The Snowflake CLI before version 3.19 improperly handles untrusted remote references in its SQL statement reader's !source/!load directives. This allows an attacker to supply crafted SQL content that triggers the victim's environment to perform SSRF attacks by issuing outbound requests to internal or non-public networks and executing remote SQL content within the victim's session. Exploitation requires user interaction (processing attacker-controlled content) and is constrained by the privileges of the session. The vulnerability has a CVSS 3.1 score of 4.1 (medium severity). Snowflake CLI version 3.19 introduces a fix by adding an option to disable remote URL retrieval, mitigating the SSRF risk.

Successful exploitation can lead to unintended outbound requests from the victim's environment to internal or non-public network locations, potentially exposing internal services or data. Additionally, remote SQL content could be retrieved and executed in the context of the victim's session, leading to limited confidentiality and integrity impacts. The impact is limited by the privileges of the session processing the malicious content. There are no known exploits in the wild.

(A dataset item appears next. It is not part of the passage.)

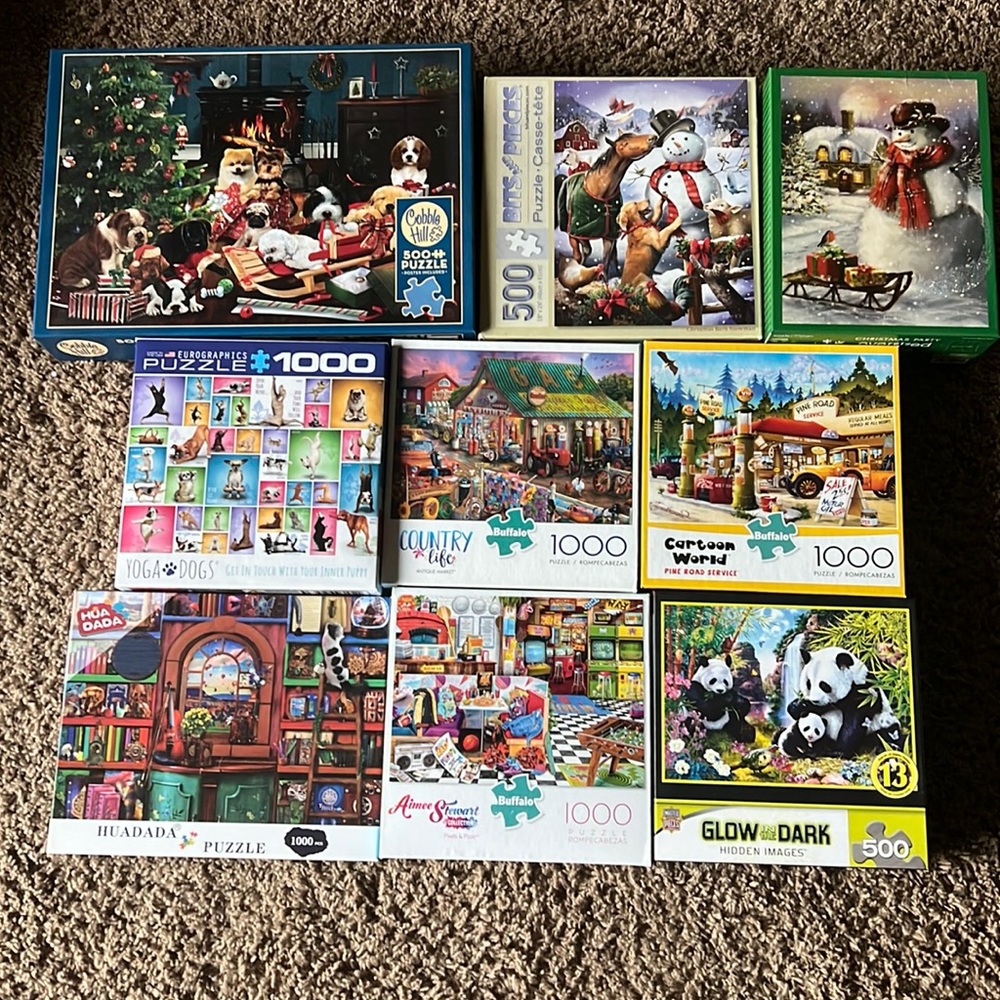 Various 500 / 1000 piece puzzles. Perfect condition, no missing pieces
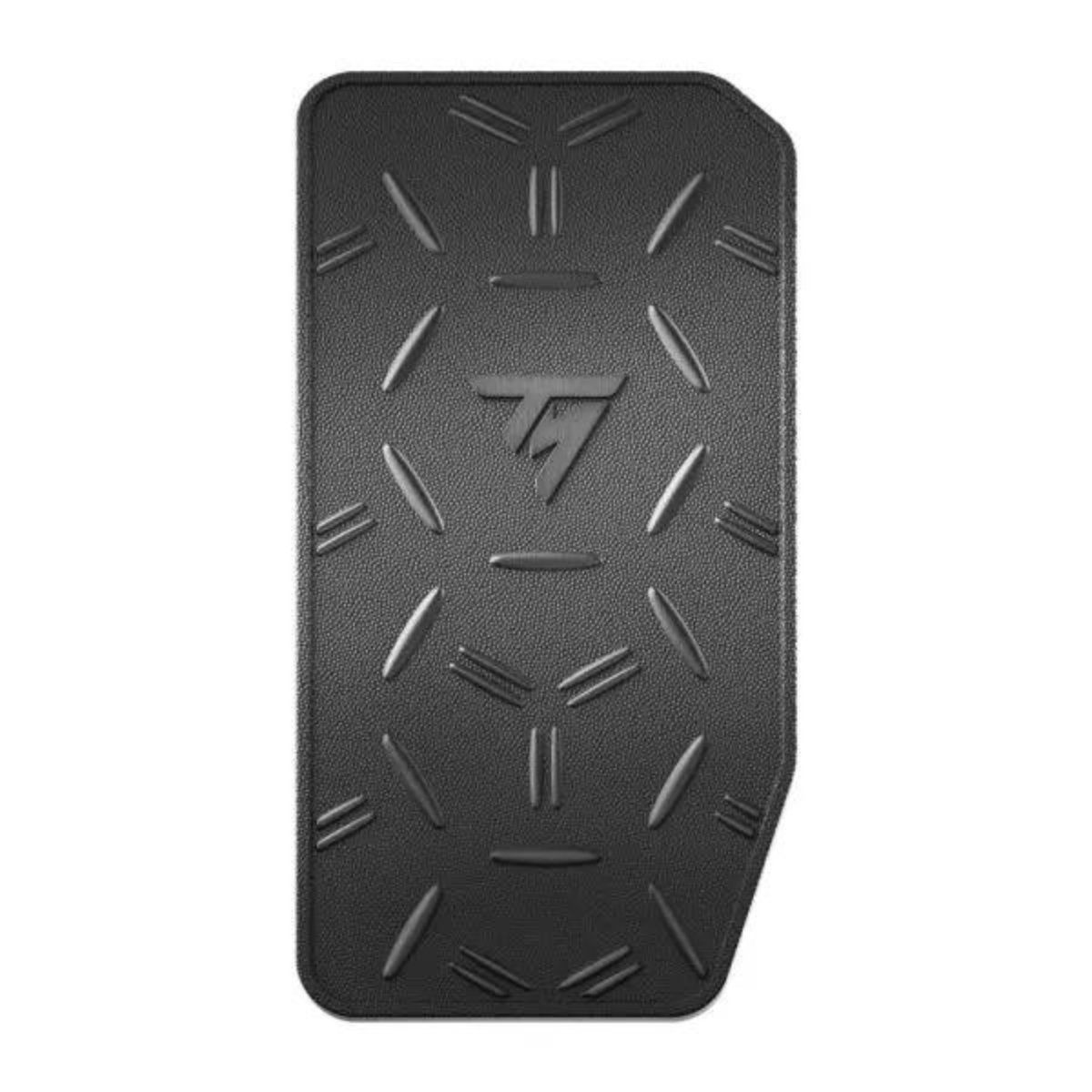 Un pedal negro con superficie texturizada y un logotipo, visto desde arriba.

A patch is available in Snowflake CLI version 3.19, which adds an option to disable remote URL retrieval and mitigates this SSRF vulnerability. Users should upgrade to version 3.19 or later to remediate this issue. Since this is a cloud service, the vendor manages remediation for the cloud-hosted components; however, local CLI versions prior to 3.19 remain vulnerable until updated. No additional mitigation actions are specified by the vendor.